2. Recording of operating loss from share transfer (progress of disclosure matters)

As announced on March 26, 2025, in "Notice Regarding Change in a Consolidated Subsidiary (Transfer of Share)," the share purchase agreement was executed to transfer all of the shares the Company owns in and loans-receivable against MOBOTIX to Certina Software Investments AG and consequently, in the current period, the Company expects to record an operating loss of 10.4 billion yen. In addition, the share purchase agreement was executed to sell the entire share of Konica Minolta Marketing Services Holding to adm Group LIMITED and consequently the Company expects to record an operating loss of approximately 9.8 billion yen.

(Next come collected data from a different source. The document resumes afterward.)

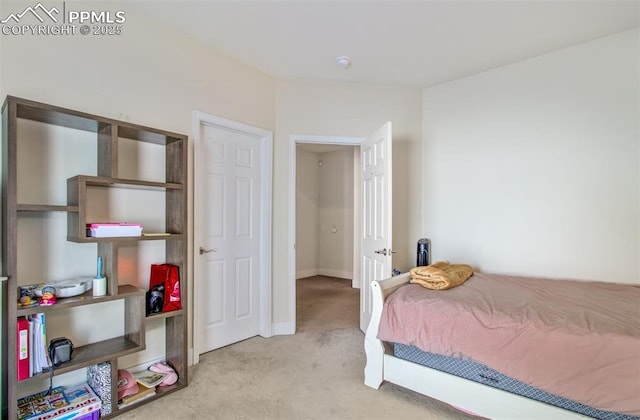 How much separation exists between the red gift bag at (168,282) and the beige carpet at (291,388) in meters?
0.59

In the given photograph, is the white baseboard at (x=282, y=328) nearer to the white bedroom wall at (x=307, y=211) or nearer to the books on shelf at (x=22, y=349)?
the books on shelf at (x=22, y=349)

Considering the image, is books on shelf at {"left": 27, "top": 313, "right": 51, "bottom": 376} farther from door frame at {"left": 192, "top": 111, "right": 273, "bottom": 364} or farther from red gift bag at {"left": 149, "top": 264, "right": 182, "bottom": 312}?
door frame at {"left": 192, "top": 111, "right": 273, "bottom": 364}

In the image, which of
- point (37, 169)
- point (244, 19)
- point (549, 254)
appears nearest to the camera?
point (37, 169)

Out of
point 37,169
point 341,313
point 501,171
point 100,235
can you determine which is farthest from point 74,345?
point 501,171

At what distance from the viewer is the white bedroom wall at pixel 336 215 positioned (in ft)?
20.6

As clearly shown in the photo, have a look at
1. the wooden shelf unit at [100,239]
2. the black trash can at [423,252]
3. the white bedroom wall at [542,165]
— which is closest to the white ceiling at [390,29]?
the white bedroom wall at [542,165]

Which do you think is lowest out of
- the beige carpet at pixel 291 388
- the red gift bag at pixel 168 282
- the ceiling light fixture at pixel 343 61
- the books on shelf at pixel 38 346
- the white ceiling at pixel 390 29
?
the beige carpet at pixel 291 388

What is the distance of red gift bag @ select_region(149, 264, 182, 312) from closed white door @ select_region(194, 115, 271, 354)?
1.25 ft

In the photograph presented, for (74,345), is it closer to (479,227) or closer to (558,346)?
(558,346)

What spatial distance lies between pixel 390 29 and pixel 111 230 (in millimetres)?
2412

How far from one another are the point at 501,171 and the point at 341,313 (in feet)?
7.86

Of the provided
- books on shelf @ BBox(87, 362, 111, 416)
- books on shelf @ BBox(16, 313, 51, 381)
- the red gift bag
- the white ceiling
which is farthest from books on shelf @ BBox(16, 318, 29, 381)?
the white ceiling

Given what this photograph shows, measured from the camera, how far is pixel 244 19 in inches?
95.0

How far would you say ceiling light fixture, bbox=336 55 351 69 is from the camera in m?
2.98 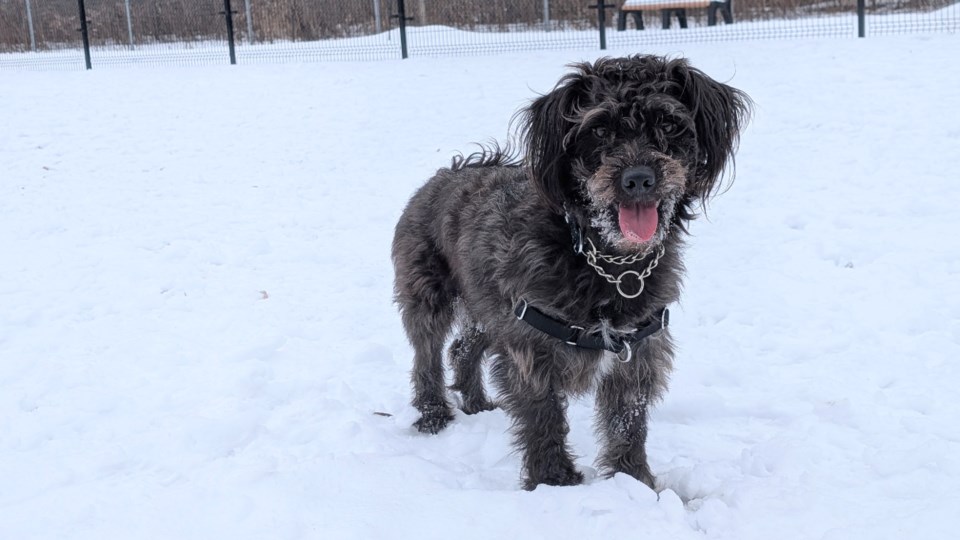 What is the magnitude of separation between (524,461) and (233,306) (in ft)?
9.47

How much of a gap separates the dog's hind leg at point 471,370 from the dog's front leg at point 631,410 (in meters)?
0.94

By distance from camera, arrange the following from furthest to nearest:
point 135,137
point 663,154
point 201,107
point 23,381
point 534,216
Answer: point 201,107 → point 135,137 → point 23,381 → point 534,216 → point 663,154

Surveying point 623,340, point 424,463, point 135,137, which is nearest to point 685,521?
point 623,340

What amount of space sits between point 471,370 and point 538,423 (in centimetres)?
103

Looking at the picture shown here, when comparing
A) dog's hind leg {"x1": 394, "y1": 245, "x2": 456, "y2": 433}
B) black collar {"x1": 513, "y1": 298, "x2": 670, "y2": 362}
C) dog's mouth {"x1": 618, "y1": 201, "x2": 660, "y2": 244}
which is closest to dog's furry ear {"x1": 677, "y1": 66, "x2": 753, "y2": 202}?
dog's mouth {"x1": 618, "y1": 201, "x2": 660, "y2": 244}

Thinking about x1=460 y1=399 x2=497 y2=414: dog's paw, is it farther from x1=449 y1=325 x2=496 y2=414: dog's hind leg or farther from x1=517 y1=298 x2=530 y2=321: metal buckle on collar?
x1=517 y1=298 x2=530 y2=321: metal buckle on collar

3. Recording of impairment losses

As a result of the impairment testing in accordance with the IFRS, as described above, the Company expects to record impairment losses of approximately 22 billion yen in the current period. The details are as follows:

(1) Imaging Solutions Business

In the Healthcare unit, as the decreased demand for radiographic film in China deteriorated operating profit, the Company expects to record impairment losses of approximately 5.5 billion yen, mainly for the Company’s property, plant, and equipment and intangible assets.

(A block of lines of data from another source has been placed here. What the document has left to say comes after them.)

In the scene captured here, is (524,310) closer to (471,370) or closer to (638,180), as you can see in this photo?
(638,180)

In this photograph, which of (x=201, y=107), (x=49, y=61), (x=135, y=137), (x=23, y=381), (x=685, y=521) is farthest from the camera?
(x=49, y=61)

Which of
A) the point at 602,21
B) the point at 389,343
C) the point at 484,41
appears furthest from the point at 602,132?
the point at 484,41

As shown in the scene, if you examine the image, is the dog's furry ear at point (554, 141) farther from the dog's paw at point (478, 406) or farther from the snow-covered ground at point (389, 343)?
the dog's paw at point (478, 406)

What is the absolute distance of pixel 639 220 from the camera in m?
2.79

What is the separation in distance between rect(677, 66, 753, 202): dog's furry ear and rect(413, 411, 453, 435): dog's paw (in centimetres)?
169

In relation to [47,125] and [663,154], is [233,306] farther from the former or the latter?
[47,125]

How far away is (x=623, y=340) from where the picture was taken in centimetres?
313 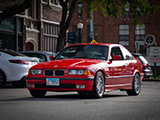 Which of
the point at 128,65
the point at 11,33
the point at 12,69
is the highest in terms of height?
the point at 11,33

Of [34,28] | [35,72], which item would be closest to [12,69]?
[35,72]

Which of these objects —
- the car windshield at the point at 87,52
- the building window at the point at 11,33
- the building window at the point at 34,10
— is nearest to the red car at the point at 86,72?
the car windshield at the point at 87,52

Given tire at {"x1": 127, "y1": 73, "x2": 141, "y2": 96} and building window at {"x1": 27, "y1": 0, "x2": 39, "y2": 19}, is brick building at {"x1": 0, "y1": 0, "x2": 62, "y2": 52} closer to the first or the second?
building window at {"x1": 27, "y1": 0, "x2": 39, "y2": 19}

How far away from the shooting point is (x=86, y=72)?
11.6 meters

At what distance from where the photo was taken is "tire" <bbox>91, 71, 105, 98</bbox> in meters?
11.7

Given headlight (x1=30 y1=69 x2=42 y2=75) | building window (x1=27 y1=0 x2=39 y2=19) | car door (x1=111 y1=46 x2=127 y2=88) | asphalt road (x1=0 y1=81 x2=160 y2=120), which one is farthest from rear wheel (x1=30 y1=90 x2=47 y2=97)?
building window (x1=27 y1=0 x2=39 y2=19)

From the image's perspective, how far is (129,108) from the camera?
964 cm

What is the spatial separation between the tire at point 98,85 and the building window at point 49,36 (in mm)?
22446

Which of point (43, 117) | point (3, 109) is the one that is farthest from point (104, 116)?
point (3, 109)

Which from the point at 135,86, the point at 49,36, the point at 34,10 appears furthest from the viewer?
the point at 49,36

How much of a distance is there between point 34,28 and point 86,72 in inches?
858

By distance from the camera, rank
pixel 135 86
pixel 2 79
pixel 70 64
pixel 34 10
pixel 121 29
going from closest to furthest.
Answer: pixel 70 64 < pixel 135 86 < pixel 2 79 < pixel 34 10 < pixel 121 29

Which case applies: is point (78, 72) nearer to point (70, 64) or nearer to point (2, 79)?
point (70, 64)

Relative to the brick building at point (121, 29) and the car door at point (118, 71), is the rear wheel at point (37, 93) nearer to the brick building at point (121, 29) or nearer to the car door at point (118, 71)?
the car door at point (118, 71) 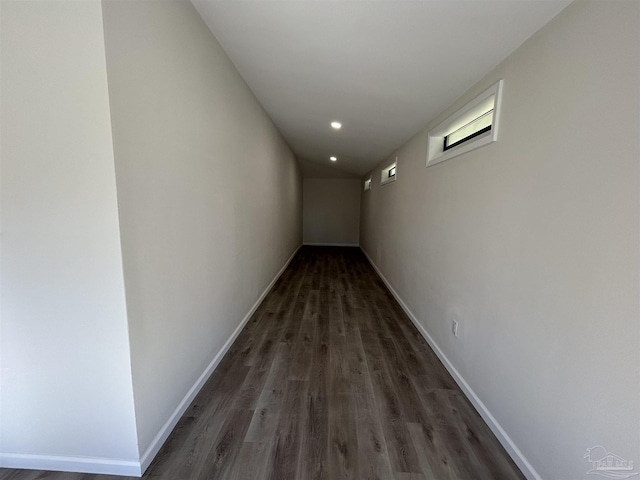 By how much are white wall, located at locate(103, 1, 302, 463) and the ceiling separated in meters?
0.30

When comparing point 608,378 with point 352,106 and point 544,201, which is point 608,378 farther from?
point 352,106

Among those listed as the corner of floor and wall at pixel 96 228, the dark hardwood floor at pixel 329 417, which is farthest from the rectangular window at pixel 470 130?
the corner of floor and wall at pixel 96 228

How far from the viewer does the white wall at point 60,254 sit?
3.26 ft

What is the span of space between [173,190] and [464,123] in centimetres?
228

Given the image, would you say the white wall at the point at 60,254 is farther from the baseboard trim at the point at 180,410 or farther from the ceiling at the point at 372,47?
the ceiling at the point at 372,47

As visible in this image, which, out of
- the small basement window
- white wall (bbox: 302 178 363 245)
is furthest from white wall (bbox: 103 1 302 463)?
white wall (bbox: 302 178 363 245)

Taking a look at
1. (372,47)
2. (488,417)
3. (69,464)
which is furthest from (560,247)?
(69,464)

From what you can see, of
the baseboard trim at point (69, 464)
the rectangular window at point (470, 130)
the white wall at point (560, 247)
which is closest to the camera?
the white wall at point (560, 247)

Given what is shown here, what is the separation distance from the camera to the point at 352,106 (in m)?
2.70

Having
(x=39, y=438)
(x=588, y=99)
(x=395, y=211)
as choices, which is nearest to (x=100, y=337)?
(x=39, y=438)

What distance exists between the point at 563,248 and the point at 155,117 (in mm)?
1951

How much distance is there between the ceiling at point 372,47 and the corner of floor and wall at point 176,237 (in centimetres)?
15

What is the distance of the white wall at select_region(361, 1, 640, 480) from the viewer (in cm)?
91

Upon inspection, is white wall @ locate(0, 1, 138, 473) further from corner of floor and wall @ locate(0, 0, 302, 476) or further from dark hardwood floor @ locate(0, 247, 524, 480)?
dark hardwood floor @ locate(0, 247, 524, 480) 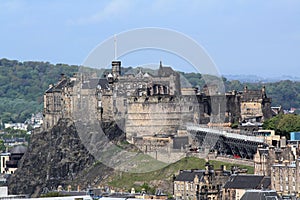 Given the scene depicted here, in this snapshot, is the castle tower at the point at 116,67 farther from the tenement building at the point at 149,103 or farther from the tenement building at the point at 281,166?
the tenement building at the point at 281,166

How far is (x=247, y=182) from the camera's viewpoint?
105875 mm

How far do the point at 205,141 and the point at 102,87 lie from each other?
17.9 metres

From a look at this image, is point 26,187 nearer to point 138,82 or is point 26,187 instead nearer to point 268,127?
point 138,82

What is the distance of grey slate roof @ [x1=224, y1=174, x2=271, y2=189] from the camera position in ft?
344

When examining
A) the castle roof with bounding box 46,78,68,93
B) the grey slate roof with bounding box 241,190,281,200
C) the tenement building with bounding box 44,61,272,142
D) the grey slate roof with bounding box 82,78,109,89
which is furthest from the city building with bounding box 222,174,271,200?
the castle roof with bounding box 46,78,68,93

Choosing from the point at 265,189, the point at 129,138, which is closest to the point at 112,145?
the point at 129,138

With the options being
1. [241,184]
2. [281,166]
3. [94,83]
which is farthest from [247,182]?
[94,83]

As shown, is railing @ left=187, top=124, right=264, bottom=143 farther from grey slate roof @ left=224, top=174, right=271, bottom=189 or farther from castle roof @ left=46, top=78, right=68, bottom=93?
castle roof @ left=46, top=78, right=68, bottom=93

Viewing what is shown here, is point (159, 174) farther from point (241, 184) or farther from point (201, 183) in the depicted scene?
point (241, 184)

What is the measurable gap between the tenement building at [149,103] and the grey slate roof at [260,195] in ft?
113


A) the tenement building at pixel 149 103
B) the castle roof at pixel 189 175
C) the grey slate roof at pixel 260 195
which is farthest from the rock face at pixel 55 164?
the grey slate roof at pixel 260 195

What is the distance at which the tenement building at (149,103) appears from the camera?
13550 centimetres

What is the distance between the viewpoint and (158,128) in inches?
5305

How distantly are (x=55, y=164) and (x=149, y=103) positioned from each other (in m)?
12.2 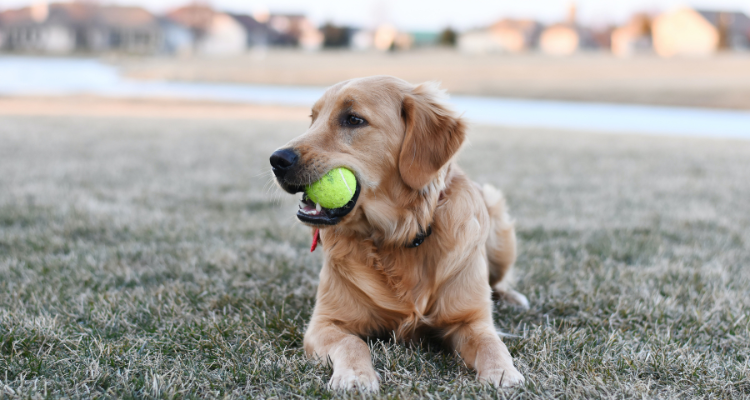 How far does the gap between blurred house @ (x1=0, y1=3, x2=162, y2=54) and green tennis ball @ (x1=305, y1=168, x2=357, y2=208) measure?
2502 inches

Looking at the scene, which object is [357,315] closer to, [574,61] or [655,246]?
[655,246]

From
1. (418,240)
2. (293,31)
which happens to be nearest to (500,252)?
(418,240)

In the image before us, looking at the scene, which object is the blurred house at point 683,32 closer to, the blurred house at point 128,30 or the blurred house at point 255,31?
the blurred house at point 255,31

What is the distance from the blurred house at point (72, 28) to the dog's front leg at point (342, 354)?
209ft

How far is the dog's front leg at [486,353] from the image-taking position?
7.12ft

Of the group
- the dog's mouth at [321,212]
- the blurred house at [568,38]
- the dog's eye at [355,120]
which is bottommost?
the dog's mouth at [321,212]


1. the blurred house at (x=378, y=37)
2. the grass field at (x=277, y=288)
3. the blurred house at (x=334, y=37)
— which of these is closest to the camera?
the grass field at (x=277, y=288)

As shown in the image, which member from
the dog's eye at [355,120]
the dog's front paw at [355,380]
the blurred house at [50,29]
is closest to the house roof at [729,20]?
the dog's eye at [355,120]

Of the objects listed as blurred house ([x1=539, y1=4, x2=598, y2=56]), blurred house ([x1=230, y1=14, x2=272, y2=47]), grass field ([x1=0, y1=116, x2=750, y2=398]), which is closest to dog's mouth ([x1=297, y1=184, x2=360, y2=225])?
grass field ([x1=0, y1=116, x2=750, y2=398])

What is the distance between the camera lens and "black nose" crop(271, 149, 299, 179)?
93.7 inches

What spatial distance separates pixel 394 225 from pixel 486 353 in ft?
2.25

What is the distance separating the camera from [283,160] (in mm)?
2385

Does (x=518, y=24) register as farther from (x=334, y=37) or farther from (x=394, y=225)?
(x=394, y=225)

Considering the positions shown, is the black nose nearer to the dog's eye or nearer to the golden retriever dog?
the golden retriever dog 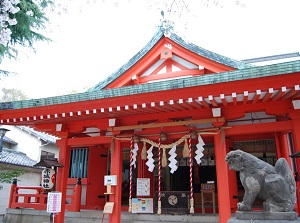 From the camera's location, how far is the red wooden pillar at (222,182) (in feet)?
19.4

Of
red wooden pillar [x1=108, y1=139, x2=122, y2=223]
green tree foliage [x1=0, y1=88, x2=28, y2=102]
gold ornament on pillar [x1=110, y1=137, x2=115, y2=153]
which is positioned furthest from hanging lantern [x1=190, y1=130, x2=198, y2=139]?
green tree foliage [x1=0, y1=88, x2=28, y2=102]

(2) Business Technologies Business

In the Industrial Print unit in the Professional Print Business, the Company expects to record impairment losses of approximately 14 billion yen for goodwill, property, plant, and equipment and intangible assets because, as a result of calculating the recoverable amount on the basis of the fair value of MGI Digital Technology, the French-based manufacturer of highly-value-added digital printing and embellishing presses, less costs of disposal, the recoverable amount was less than the carrying amount.
In addition, as a result of impairment testing at three consolidated subsidiaries that belong to the DW-DX unit in the Digital Workplace Business, the Company expects to record impairment losses of approximately 2.5 billion yen for goodwill and property, plant, and equipment, among others, because the recoverable amount was less than the carrying amount, as the economic downturn, intensifying competition and other conditions deteriorated operating profit.

4. Recording of profit from discontinued operations due to share transfer (progress of disclosed matter)

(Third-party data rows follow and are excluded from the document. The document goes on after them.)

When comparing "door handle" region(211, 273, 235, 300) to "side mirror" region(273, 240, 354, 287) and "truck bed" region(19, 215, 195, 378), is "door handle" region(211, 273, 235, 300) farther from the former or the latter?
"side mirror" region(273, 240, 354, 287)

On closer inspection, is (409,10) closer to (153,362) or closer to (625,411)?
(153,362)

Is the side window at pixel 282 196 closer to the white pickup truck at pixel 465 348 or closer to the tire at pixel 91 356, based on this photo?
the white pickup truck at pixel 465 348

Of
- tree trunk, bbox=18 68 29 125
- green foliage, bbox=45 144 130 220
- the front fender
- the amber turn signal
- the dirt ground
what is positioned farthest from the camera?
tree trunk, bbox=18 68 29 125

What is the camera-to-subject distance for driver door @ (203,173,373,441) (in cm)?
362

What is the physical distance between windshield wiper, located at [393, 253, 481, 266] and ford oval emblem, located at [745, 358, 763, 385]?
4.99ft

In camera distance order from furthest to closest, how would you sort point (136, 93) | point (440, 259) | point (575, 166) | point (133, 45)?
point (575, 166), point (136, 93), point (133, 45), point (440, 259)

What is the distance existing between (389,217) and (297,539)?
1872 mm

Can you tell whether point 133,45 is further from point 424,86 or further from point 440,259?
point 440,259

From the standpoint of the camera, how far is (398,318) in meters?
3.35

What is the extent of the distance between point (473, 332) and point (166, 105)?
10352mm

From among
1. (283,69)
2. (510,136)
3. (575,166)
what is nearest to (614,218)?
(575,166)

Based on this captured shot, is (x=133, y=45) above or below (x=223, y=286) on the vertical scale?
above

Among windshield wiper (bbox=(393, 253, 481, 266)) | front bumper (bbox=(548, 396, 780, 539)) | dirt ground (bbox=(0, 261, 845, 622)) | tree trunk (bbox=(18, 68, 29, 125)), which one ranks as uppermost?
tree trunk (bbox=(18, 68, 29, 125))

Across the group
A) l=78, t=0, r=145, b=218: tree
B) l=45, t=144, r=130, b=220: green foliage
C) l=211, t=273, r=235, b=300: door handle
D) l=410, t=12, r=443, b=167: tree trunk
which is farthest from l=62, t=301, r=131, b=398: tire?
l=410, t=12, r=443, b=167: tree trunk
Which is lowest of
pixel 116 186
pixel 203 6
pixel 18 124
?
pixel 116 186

As announced on February 4, 2025, in “Notice of Completion of Change in a Consolidated Subsidiary (Transfer of Share),” the transfer of the share of Ambry Genetics to Tempus was completed. Accordingly, the Company expects to record in the current period, as profit from discontinued operations, a gain of approximately 18 billion yen due to the adjustment of exchange differences on translation of foreign operations and a gain of approximately 8 billion yen from the share transfer due to the fair value evaluation of Tempus’ stocks acquired as part of transfer price.

5. Partial reversal of deferred tax assets

Regarding Konica Minolta Holdings U.S.A., Inc., and its subsidiaries, the Company has carefully assessed the recoverability of their deferred tax assets, as mainly one of their business plans was revised when the impairment loss was recognized in the third quarter of the fiscal year ended March 31, 2025. Consequently, the Company expects to reverse the deferred tax assets and record approximately 14 billion yen as corporate tax adjustments in the current period.

6. Others

The Company expects to record 10.2 billion yen as an extraordinary loss associated with the conclusion of the share purchase agreement to divest MOBOTIX for the Company’s non-consolidated financial results in the current period.

Note regarding the forecasts
The forecasts for the consolidated financial results are based on the assumptions that the Company believes are reasonable at the time of this announcement. It should be noted that actual results may differ from the forecasts due to various factors.